■ **Assignment**: Set down exactly the lines below, starting at the one that contains "Large Robert Johnson" and ending at the one that contains "havebord med glastop", with both of those lines included and nothing else.

■ **Data provided**:
════

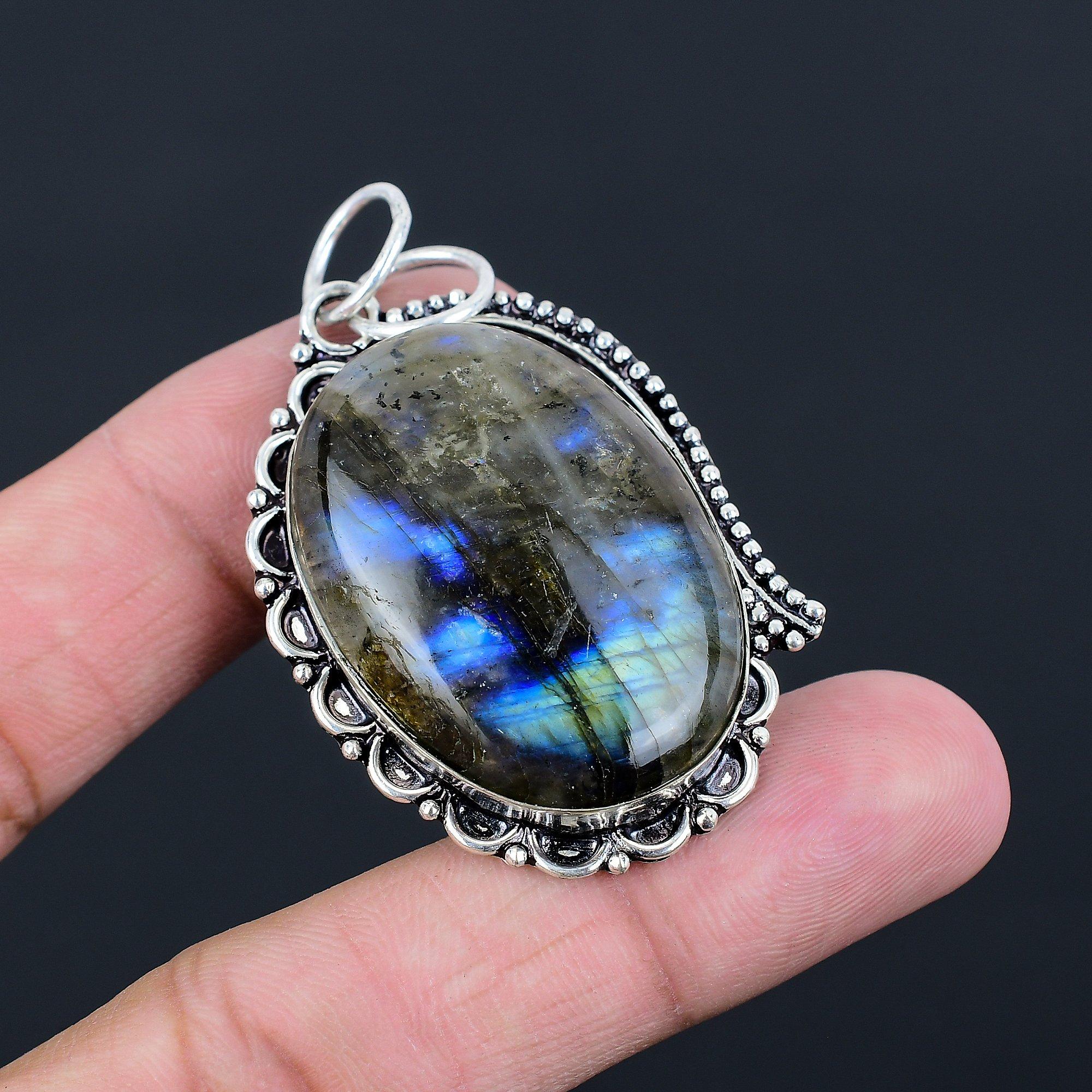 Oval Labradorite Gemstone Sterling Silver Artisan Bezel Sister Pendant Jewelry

════

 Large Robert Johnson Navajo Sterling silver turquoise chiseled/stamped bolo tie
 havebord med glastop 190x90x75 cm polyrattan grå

════

■ **The answer**:
 Large Robert Johnson Navajo Sterling silver turquoise chiseled/stamped bolo tie
 havebord med glastop 190x90x75 cm polyrattan grå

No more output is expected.